Most hornets prey on the larvae of other insects, and many species of hornets target the nests of other social bees and bumblebees, the Clemson experts wrote. To make it all happen, the hornets descend on the bees’ nest, kill the workers protecting the nest, and feast on the caterpillars’ veritable devastation to the existence of an entire local bee colony.
Also called the bee hawk for the way it attacks hives in dive-bomb-style advances, if the yellow-legged hornet does take hold in the United States, it’s a concern for bees and the agricultural community that feeds the nation.
It Atlanta Journal-Constitution states that pollinator-dependent crops in Georgia alone are valued at $430 million annually. In addition, Georgia has a beekeeping industry that maintains apiaries across the country, shipping colonies to farms to pollinate crops.
Insect hunting is now in the spotlight.

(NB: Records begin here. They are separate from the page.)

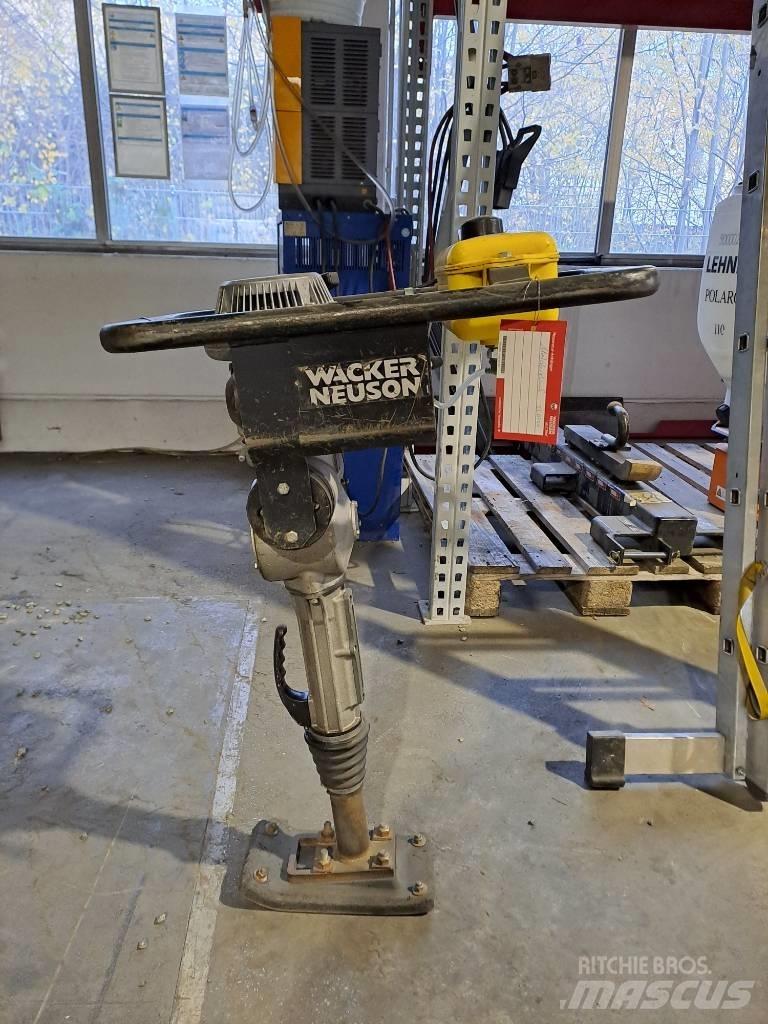 Wacker Neuson BS30 Vibrační pěchy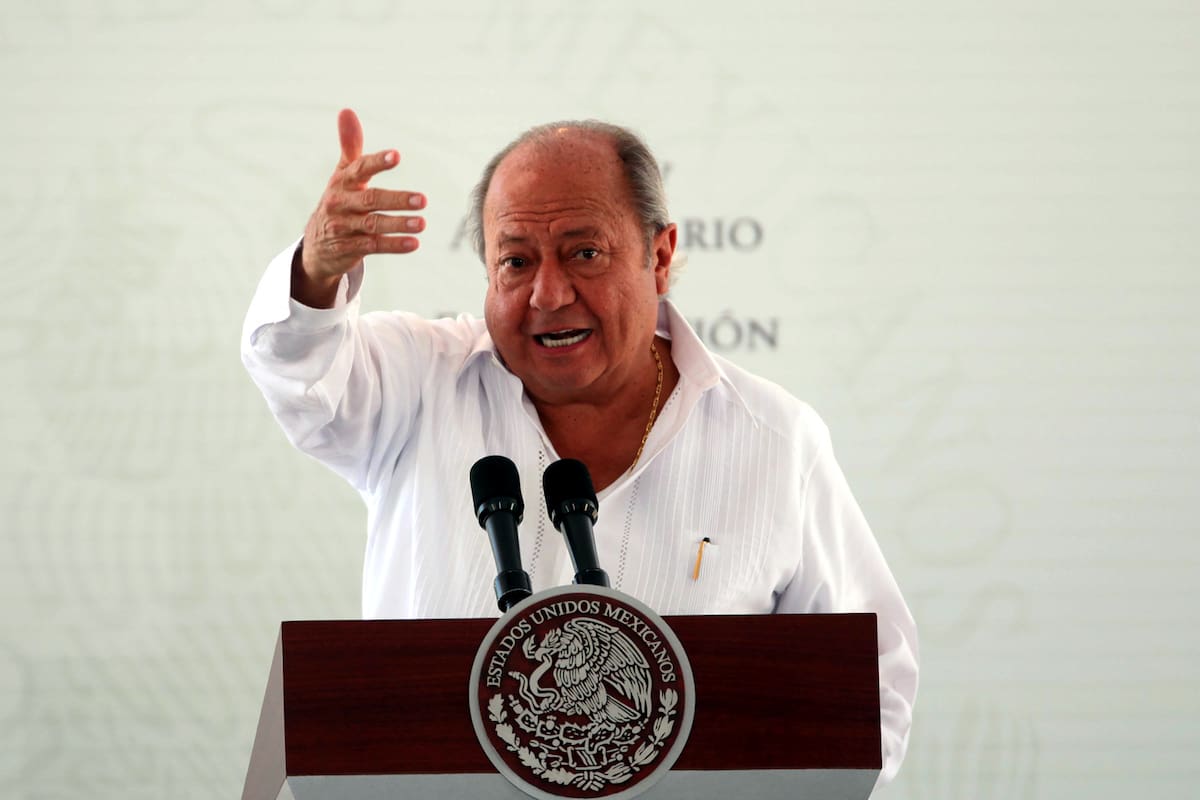 Carlos Romero Deschamps se ampara para que no se sepa cuánto dinero le paga Pemex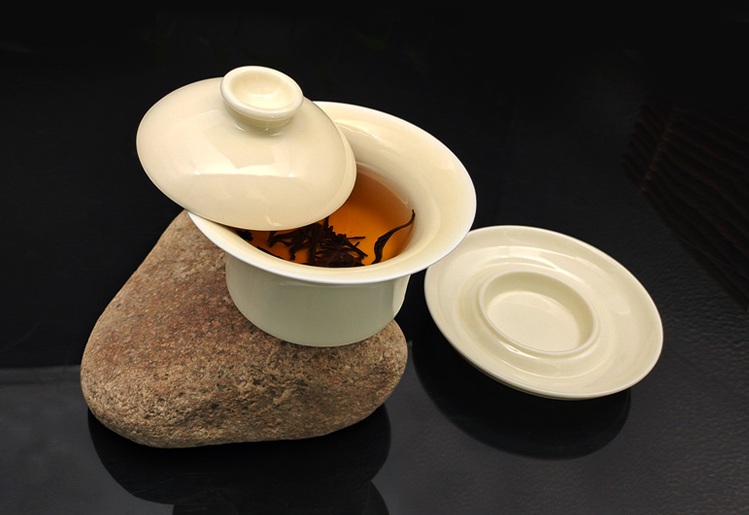 大宋定窯設(shè)計(jì)的白瓷蓋碗，白中閃黃，溫潤(rùn)如玉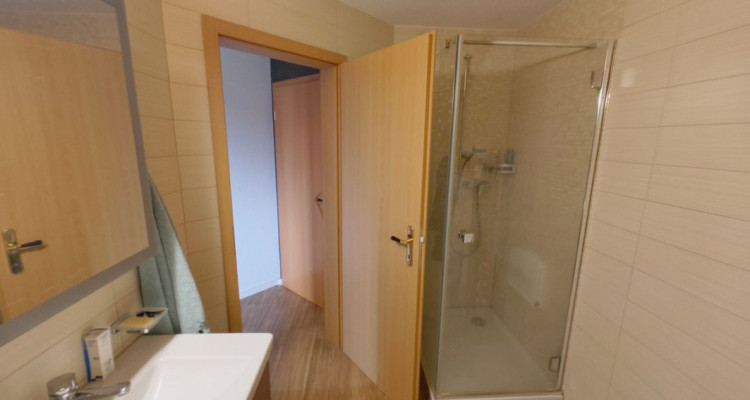 Superbe appartement en attique avec garage et place de parc extérieure image 7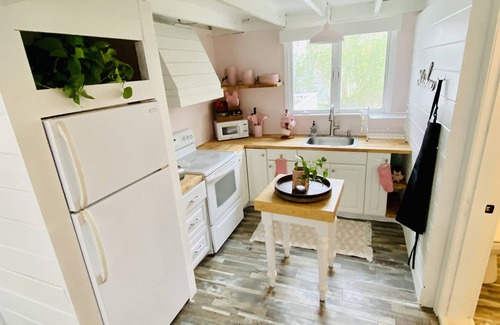 Old Lyme Cottage | Point O Woods Cottage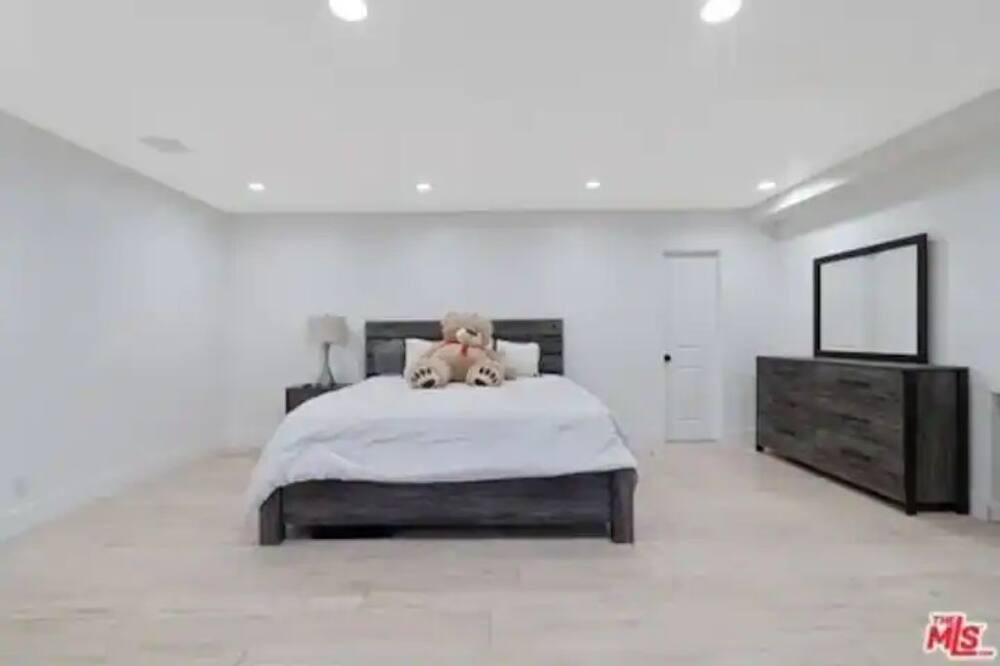 Photo of Bedroom in Downey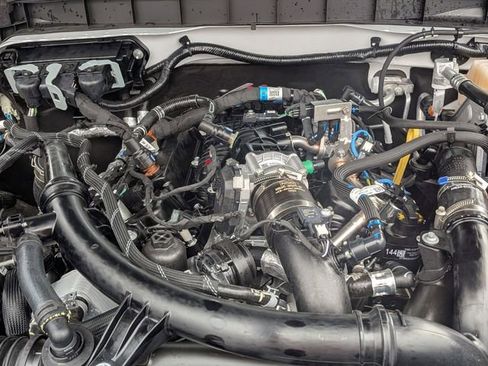 Used 2024 Ford Bronco Badlands image 40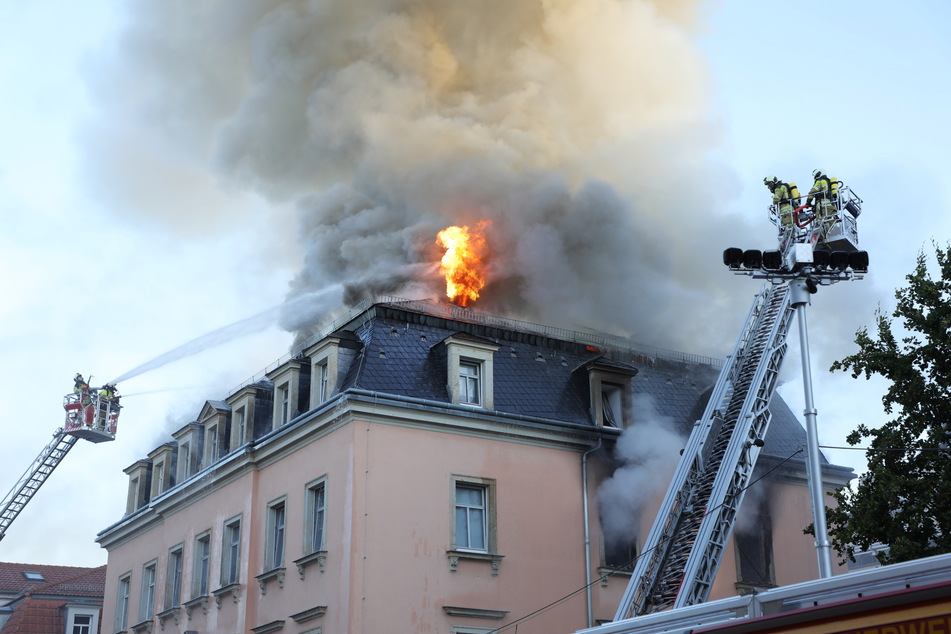 Am Morgen schlugen Flammen aus dem Dachstuhl.
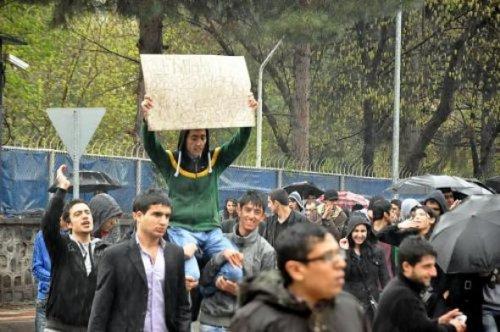 Gençlerin YGS isyanı  - Resim 86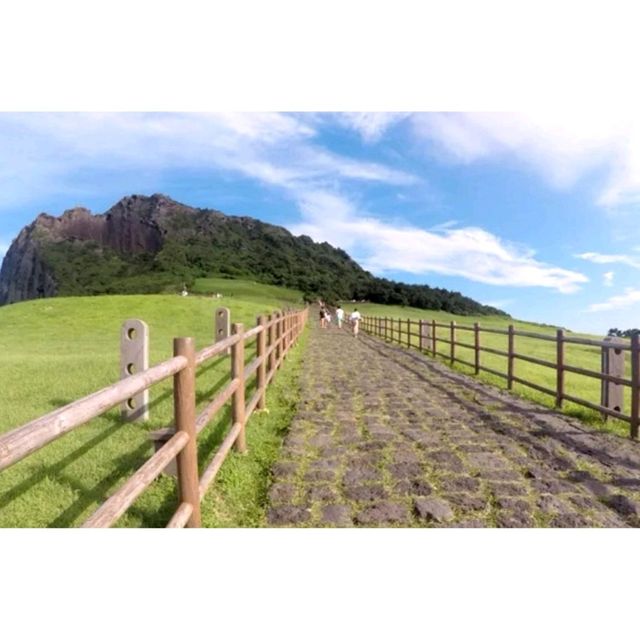 เดินขึ้นมาชมวิวสวยๆ บนยอดเขาซองซา ⛰️🌳🌿🍃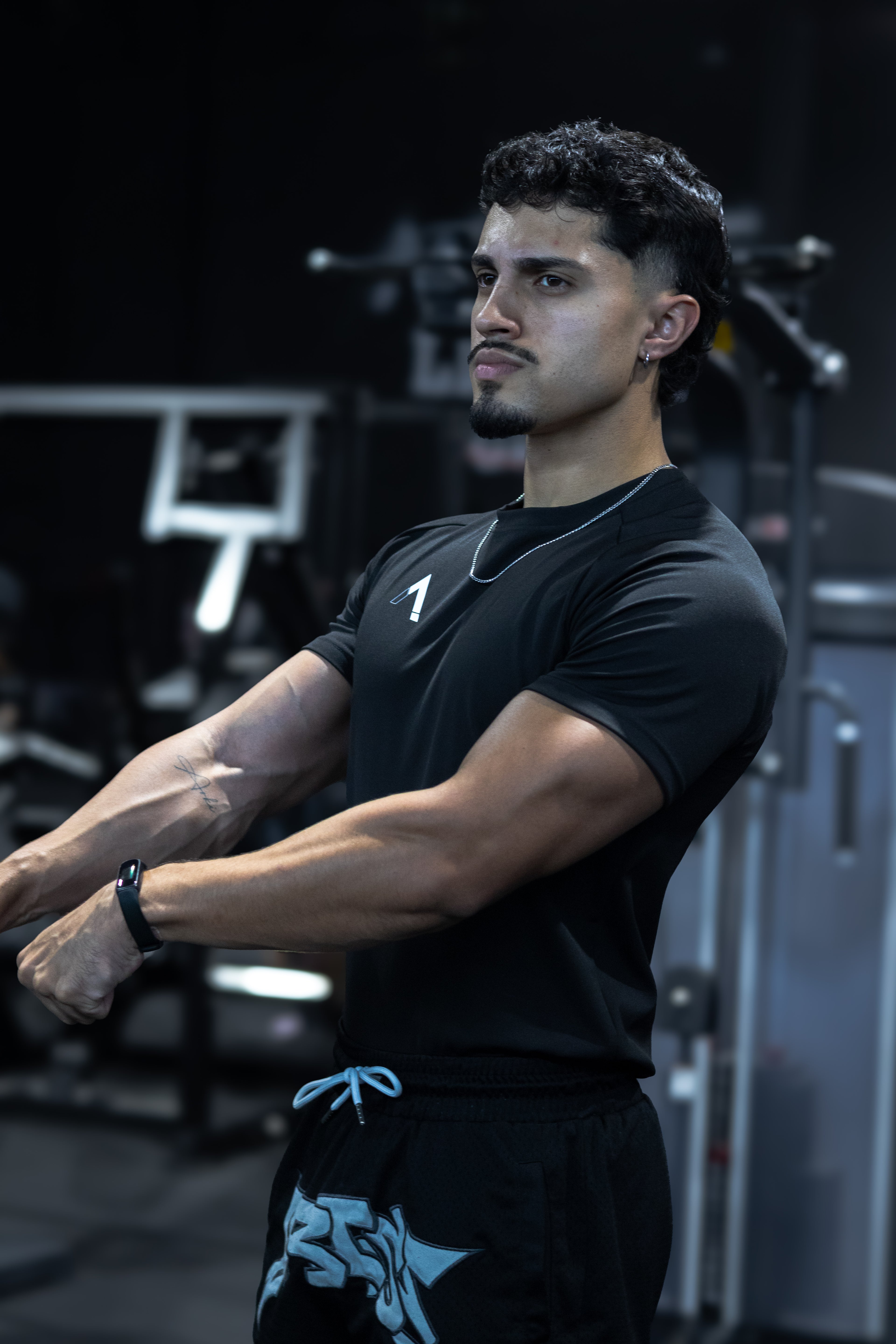 RISING Muscle Tee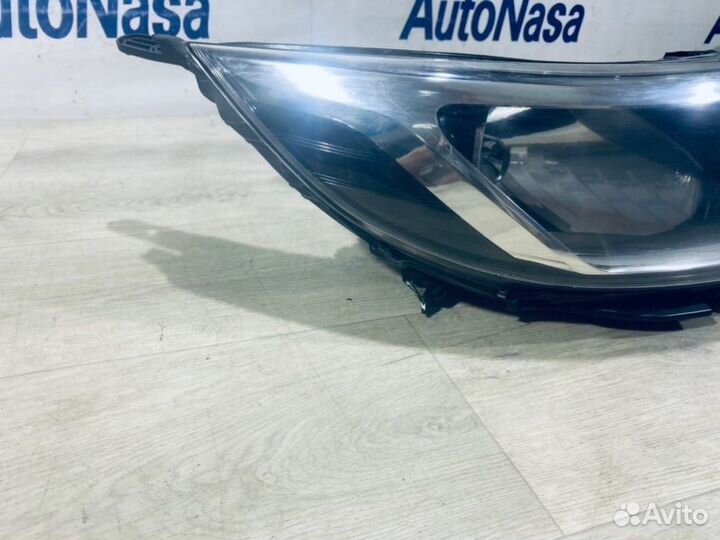 Фара Kia Rio 3 седан G4FC 1.6 2015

So far, no complete hornet colony has been found, only two individual hornets on the same property. The two hornets were spotted near the Port of Savannah, and University of Georgia lead scientist and bee expert Keith Delaplan believes (as he told the paper) that the insects traveled to the US on a container ship. Along with their love of attacking bees, the yellow-legged hornet enjoys rotting fish, so officials plan to lure additional hornets with feeding stations and then follow them to any potential nests.
In Washington, the states Department of Agriculture employed a similar strategy after finding kill antlers. After luring the hornets, the team used radio transmitters to detect and trap the pests. So far in 2023, there have been no murder horn cases in Washington.
Of course, the yellow-footed hornet may be a different story, as Europe was at this point unsuccessful in nearly two decades of efforts to rid the continent.
This guy is bad news for bees, Delaplan said AJC:. It is a ruthless predator and we have nothing like it in this country.